# CHI Greyhound Location



## Dovecote (Oct 22, 2012)

Have a friend who is planning to take the CL from Harpers Ferry (HFY) to CHI and then take Greyhound from CHI to Champaign (CHM). He is doing this to avoid the lengthy train layover in CHI.

Is the CHI Amtrak location in close proximity of the CHI Greyhound station. If so, is it walkable? If not, what would be the better option, cab or mass transit?


----------



## Trogdor (Oct 22, 2012)

It's walkable. Exit from the back of the Great Hall to Clinton/Jackson, then west two blocks to Desplaines, and south three blocks to Harrison.


----------



## jebr (Oct 22, 2012)

It's definitely walkable.

Another option would be to take the Megabus from Chicago to Champaign. The bus leaves at 11:30 AM and arrives at the "Illinois Terminal" at 2:00 PM. They pick up one block south of Union Station on Canal St.


----------



## Swadian Hardcore (Oct 22, 2012)

Don't take Megabus! They have horrible safety ratings! See: http://ai.fmcsa.dot....KET=ek72fsZGQRI=

They also have uncomfortable seats and horrible Van Hool TD925 buses.


----------



## jebr (Oct 23, 2012)

Swadian Hardcore said:


> Don't take Megabus! They have horrible safety ratings! See: http://ai.fmcsa.dot....KET=ek72fsZGQRI=
> 
> They also have uncomfortable seats and horrible Van Hool TD925 buses.


For comparison, here's Greyhound's ratings: http://ai.fmcsa.dot....ET=IHT1JBfCoXI=

Percentiles work inversely: lower percentage is better. Essentially, the percentage is a "rank"...20% means that the carrier is worse than 20% of all motorcoach carriers.

Greyhound has more issues with unsafe driving and vehicle maintenance, Megabus has more issues with fatigued driving and controlled substances, and driver fitness is inconclusive. While the fatigued driving is a concern, since it's not a night route, I'd be less concerned than I would at night.

However, having traveled on both, I've personally preferred the Megabus' bus. I've also much preferred the clientele on Megabus. Less everyone rushing off to smoke, for one. I also tend to fit in more as much of the college constituency uses Megabus over Greyhound.

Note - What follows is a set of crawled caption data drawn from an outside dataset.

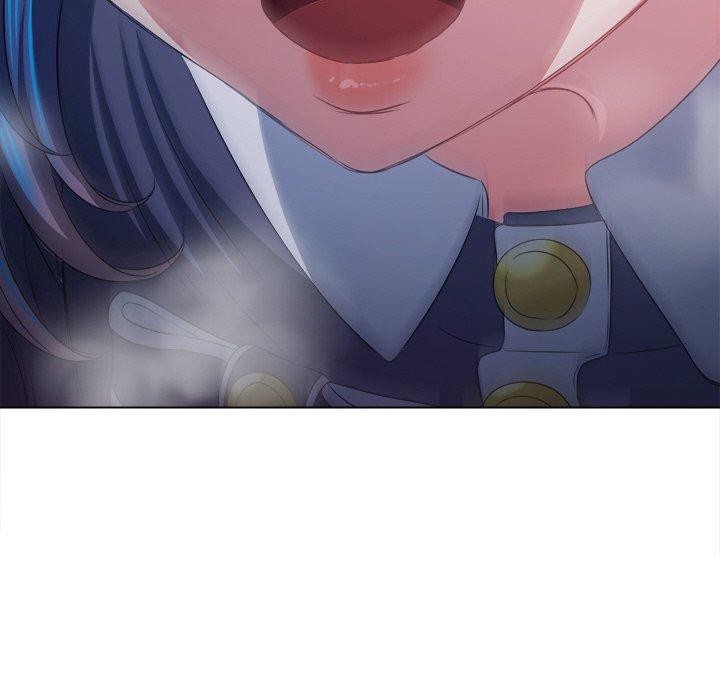 192.jpg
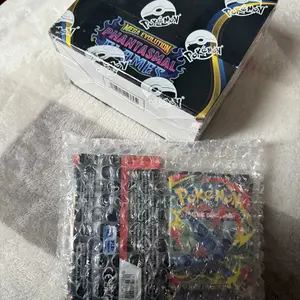 review image 5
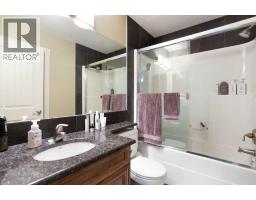 1149 Channelside Drive Sw, Airdrie, AB T4B3J4 Photo 29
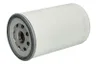 04913595 Filtru ulei OE DEUTZ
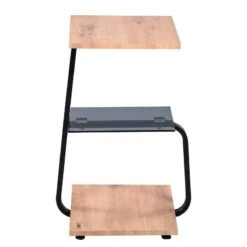 Bout De Canapé Argy -Promos Meubles Boutique 1000280711 210720 06391100005 DETAILS P000000001000280711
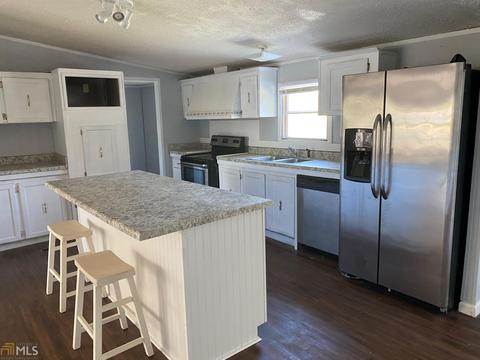 20 Harmony, Thomaston, GA 30286 photo 5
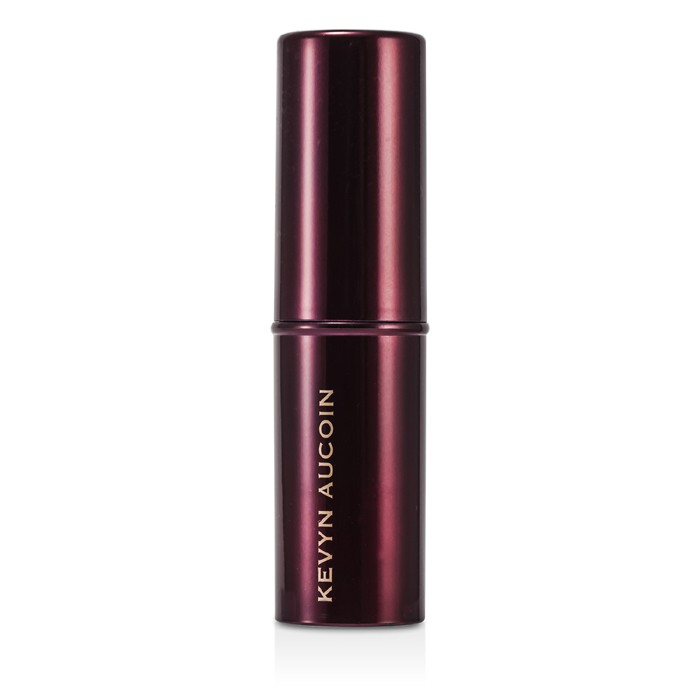 Kevyn Aucoin Base solida The Radiant Reflection Solid Foundation 9g/0.32ozProduct Thumbnail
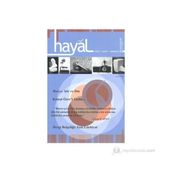Kültür Sanat Edebiyat Dergisi Sayı: 31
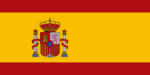 Bandera_de_España.png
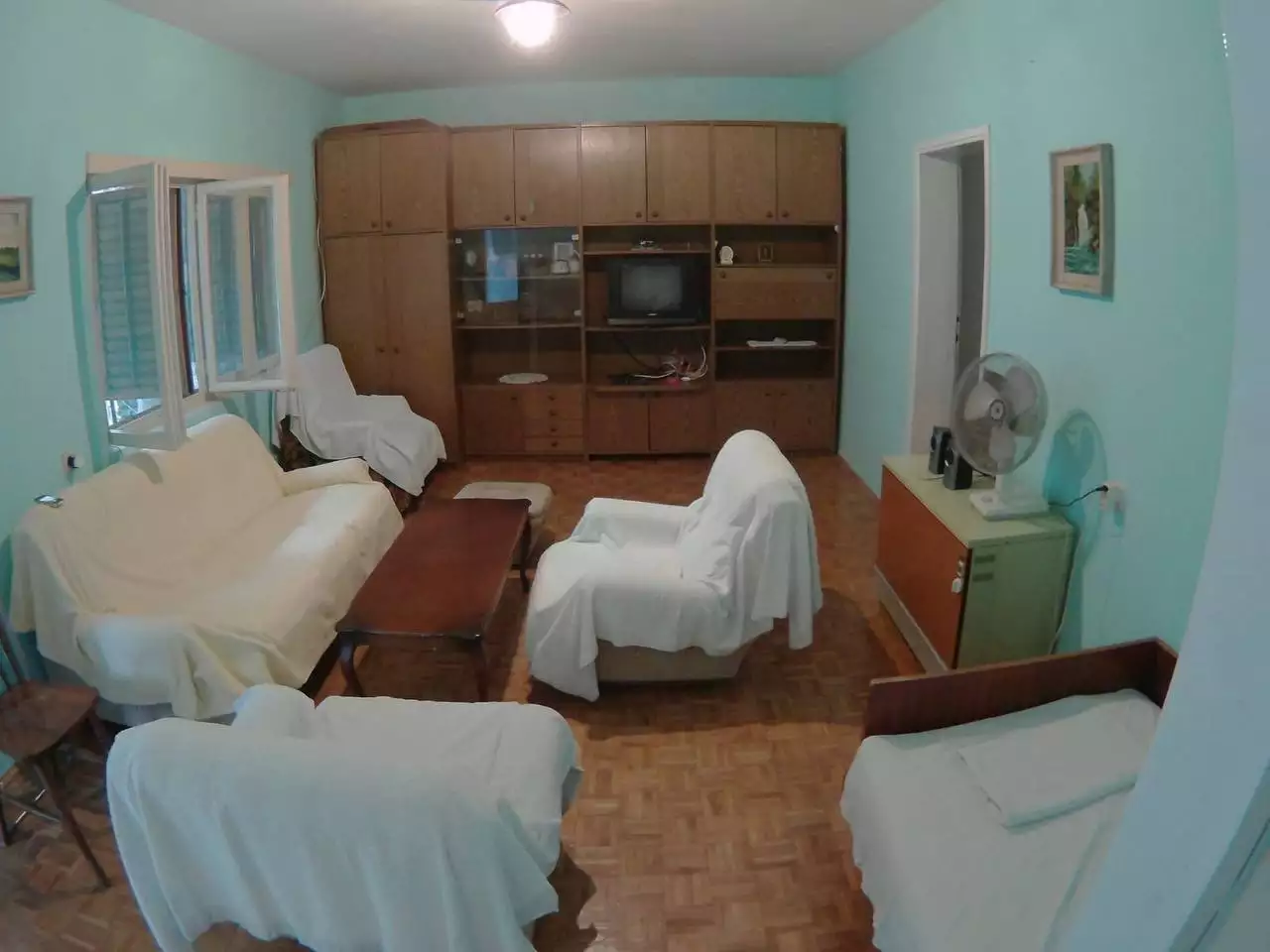 Дом 87м² в Черногории, Сутоморе. Стоимостью 170000€ аренда фото-9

Also, note the text from this page: http://ai.fmcsa.dot....nc=RBH8ciDqytk=



> The
> 
> 
> 
> ...


----------



## Swadian Hardcore (Oct 23, 2012)

jebr said:


> Swadian Hardcore said:
> 
> 
> > Don't take Megabus! They have horrible safety ratings! See: http://ai.fmcsa.dot....KET=ek72fsZGQRI=
> ...


Since comfort is based on opinion, on that we will have to agree to disagree.


----------



## guest (Oct 23, 2012)

Megabus seats are uncomfortable and the ride is rough on the top deck.

Why not Capitol Limited to Chicago, the bus to Champaign?

It's a long ride on a bus from Harper's Ferry to Chicago.


----------



## Swadian Hardcore (Oct 23, 2012)

Dovecote said:


> Have a friend who is planning *to take the CL from Harpers Ferry (HFY) to CHI* and then take Greyhound from CHI to Champaign (CHM). He is doing this to avoid the lengthy train layover in CHI.
> 
> Is the CHI Amtrak location in close proximity of the CHI Greyhound station. If so, is it walkable? If not, what would be the better option, cab or mass transit?





guest said:


> Megabus seats are uncomfortable and the ride is rough on the top deck.
> 
> Why not Capitol Limited to Chicago, the bus to Champaign?
> 
> It's a long ride on a bus from Harper's Ferry to Chicago.


Don't you understand? He says that the guy is going to take the CL to Chicago.


----------